August 08, 2004

Settling on semantics

To this day the term "Israeli settler" conjures up images in the American heartland of long-bearded ideologues with kippot the size of cereal bowls hell-bent on settling the West Bank because of a desire to sleep where Abraham once walked.

Lost in the transmission of the settlement story over the last 35 years is the fact that this population is a minority - granted, a vocal and influential one - among some quarter million Israelis who have gone to live beyond the Green Line.

When people in Iowa, for instance, hear the words "Israeli settlement," it is doubtful they make a distinction between Eilon Moreh, a fiercely ideological settlement deep in the West Bank, and Ma'aleh Adumim, a suburban community 10 minutes from Jerusalem reached via a wide, ventilated tunnel under Mount Scopus.

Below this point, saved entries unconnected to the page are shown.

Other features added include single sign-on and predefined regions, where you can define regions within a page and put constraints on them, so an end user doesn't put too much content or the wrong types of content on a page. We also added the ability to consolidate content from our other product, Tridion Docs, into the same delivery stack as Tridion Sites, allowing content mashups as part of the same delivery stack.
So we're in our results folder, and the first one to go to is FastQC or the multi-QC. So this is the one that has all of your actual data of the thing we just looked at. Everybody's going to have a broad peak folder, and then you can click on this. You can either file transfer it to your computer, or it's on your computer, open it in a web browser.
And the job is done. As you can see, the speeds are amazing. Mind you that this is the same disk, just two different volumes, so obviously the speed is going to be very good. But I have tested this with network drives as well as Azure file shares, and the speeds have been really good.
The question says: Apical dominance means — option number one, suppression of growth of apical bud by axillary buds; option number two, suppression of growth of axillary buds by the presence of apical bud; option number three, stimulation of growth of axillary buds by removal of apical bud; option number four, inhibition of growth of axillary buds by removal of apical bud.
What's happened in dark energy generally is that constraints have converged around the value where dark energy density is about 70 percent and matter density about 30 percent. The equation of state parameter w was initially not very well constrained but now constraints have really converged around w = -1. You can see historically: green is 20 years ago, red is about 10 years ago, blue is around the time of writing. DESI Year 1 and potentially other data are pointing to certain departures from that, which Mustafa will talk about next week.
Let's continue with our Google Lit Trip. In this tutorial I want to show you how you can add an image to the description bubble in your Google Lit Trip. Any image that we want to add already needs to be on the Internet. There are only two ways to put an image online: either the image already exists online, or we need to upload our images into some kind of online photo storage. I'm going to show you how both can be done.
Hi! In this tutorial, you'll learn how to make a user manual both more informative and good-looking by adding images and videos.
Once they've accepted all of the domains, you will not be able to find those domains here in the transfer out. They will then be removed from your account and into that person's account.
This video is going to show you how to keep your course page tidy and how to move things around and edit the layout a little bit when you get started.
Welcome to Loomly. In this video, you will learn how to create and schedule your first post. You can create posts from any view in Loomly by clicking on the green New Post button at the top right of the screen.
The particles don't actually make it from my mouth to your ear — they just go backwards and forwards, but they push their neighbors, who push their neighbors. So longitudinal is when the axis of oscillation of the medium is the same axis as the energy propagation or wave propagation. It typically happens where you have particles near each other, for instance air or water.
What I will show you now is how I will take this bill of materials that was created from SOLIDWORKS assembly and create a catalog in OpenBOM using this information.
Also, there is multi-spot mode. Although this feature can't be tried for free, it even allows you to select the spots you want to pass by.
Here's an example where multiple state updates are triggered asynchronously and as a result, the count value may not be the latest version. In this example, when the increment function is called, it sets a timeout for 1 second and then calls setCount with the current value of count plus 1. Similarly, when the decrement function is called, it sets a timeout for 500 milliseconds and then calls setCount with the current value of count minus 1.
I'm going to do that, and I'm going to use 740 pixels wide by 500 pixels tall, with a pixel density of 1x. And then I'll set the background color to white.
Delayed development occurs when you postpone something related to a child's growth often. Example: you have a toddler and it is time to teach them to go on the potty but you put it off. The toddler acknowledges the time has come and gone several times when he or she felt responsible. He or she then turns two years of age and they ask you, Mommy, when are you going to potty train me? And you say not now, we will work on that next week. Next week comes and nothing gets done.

No distinction is made because the stereotype of the Gush Emunim settler, flowing tzitzit tangled in the trigger of his Uzi, has indelibly etched itself into the world's conscience - much, one might add, to the detriment of the overall settlement enterprise.

Which is why when there are reports that the Defense Ministry has approved 600 housing units in Ma'aleh Adumim, it is a sure bet the US State Department spokesman will be asked about it the next day.

It is also a sure bet that the State Department spokesman will condemn the housing permits. Not harshly, but within the confines of US public policy, which holds that the administration is not going to get into the fine print of distinguishing one settlement from another.

At his Tuesday briefing, State Department Spokesman Richard Boucher was asked if the US makes any distinctions between a settlement like Ma'aleh Adumim, which the reporter knowledgeably said is a "major city" that "abuts" Jerusalem, and "some outpost on a mountainside."

"The administration has not taken a position on a particular settlement or particular piece of land or particular area or group of people," Boucher said. "Those are final status issues that need to be negotiated. I think we've made that clear."

Then he went on to repeat the State Department's standard line that Israel committed itself to the road map and to "end settlement activity, freeze all settlement activity, including natural growth of settlements, and that's the commitment we want to see the Israeli government work towards." In other words, for official America a settlement is a settlement is a settlement - at least in the Sate Department's press room.

Go beyond the briefing room, however, and those who deal with the issue in the administration know very well that there is a vast difference between a settlement of 30,000 people on the strategic eastern approaches to Jerusalem, and "an outpost on a mountainside." The administration knows the difference because most Israelis, and certainly most Israeli politicians, know the difference.

Even Yossi Sarid, no settlement cheerleader, said during a visit there as environment minister in 1994 that the settlement will remain in place in a final agreement and that development in Ma'aleh Adumim "does not break my heart." The Palestinians also understand the difference, which is why in the various final status maps drawn up and discussed since the Oslo Accords, Ma'aleh Adumim always appears on the Israeli side of the border.

When US President George W. Bush wrote his famous letter to Prime Minister Ariel Sharon in April saying that in light of "new realities" on the ground it is unrealistic to expect Israel to return to the 1949 armistice lines, and that these new realities will have to be taken into account when drawing up final borders, one such "new reality" the framers of that letter definitely had in mind was Ma'aleh Adumim.

But Boucher can't make the distinction, because formal US policy does not allow for those distinctions to be made at this point. But the distinctions are there. It is safe to say that had the Defense Ministry permits been issued for Eilon Moreh, and not for Ma'aleh Adumim, they would have generated more serious knuckle-rapping in Washington.

All this explains why Ma'aleh Adumim was not exactly abuzz this week with concern over the US objections to the construction of 600 more units, or even over the debate whether the settlement will be included inside the security fence.

Demography, as Bush's letter indicates, does matter, and 30,000 people is a "new reality" that is difficult to ignore, or to change. There is a quantitative difference between a settlement of 30,000 people 10 minutes from Jerusalem, and a settlement of a few hundred people on the outskirts of Nablus or Khan Yunis. Everyone realizes this - the settlers, the government, the Americans, even the Palestinians. It's just that the Palestinians and Americans can't say it - at least not yet.